Pasaitarra, General de la Mar del Sur desde 1718, en 5 de Mayo de 1725 el
Arzobispo Morcillo y Rubio consagró su desposorio con una peruana, Da Josefa
Pacheco de Benavides, y el 30 de igual mes de 1727 el mismo Prelado echaba al
agua a su primogénito, Blas Fernando José (22). Harto sabido es que se cubrió
de gloria en 1741, al rechazar el ataque a Cartagena de la flota británica, al
mando del Almirante Vernon, cuya arrogancia quedó en ridículo pues había
mandado acuñar prematuramente una medalla conmemorativa, en la que aparecía
Lezo, de hinojos, entregando su espada, y cuyo exergo rezaba “El orgullo
español humillado por el Almirante
Vernon” (23).
No debía de ser extraño a la sensibilidad de los limeños
cuanto tuviera relación con el elemento que nos ocupa, cuando un estudiante del
Colegio de San Pablo, al fin y al cabo centro de formación de los ignacianos,
encontró ambiente propicio para versificar en 1761 unas “Rimas afectuosas y lúgubres
en lengua vascongada”, peregrino epicedio compuesto con ocasión de los honras
fúnebres de la reina María de Sajonia (24).
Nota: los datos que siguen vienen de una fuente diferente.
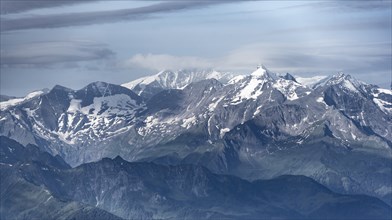 Venediger group, Hochvenediger, Evening mood, Silhouettes, Dramatic mountain landscape, View from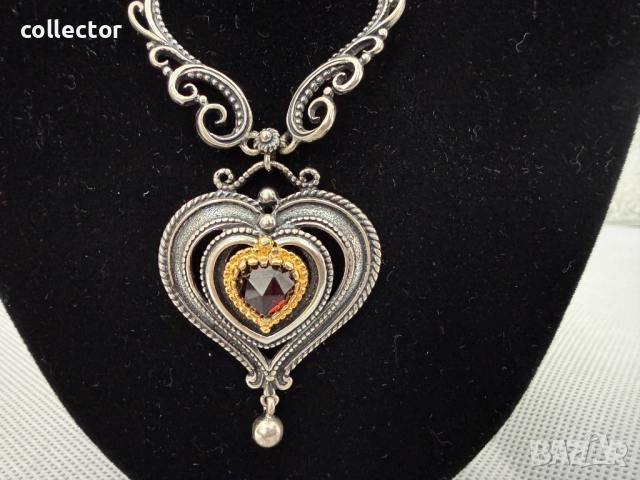 Сребърно колие с гранат и позлата - Ар Деко. №7774, снимка 4 - Колиета, медальони, синджири - 52847565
Esta nómina de vascongados dignos de recordación por su
carácter representativos, bien puede cerrarse mencionando al Capitán de Fragata
Domingo de Boenechea, cuya cuna se meció en Guetaria: en 1772 abrió de nuevo la
ruta que conducía desde El Callao hasta la isla de Tahití (25).
Queden estos como hitos de un itinerario emocional o como lo
que fueron: exponentes de un surco profundo en la urdimbre colectiva del Perú
virreinal, a la que se incorporaron con las fecundas virtudes raciales. Cada
uno de ellos en su respectiva órbita ocupó un lugar de honor, desplegando
sincera y acendrada voluntad de servicio a la comunidad. Sus continuadores,
principalmente en los sectores mercantiles e industriales, no desmerecieron de
quienes se les habían adelantado en el tiempo. Esta primera aproximación a un
tema inédito aspira a entreabrir un resquicio que permita asomarse a su
conocimiento, con semblanzas y aislados apuntes de su paso por el escenario del
Perú en la segunda mitad del siglo XVIII.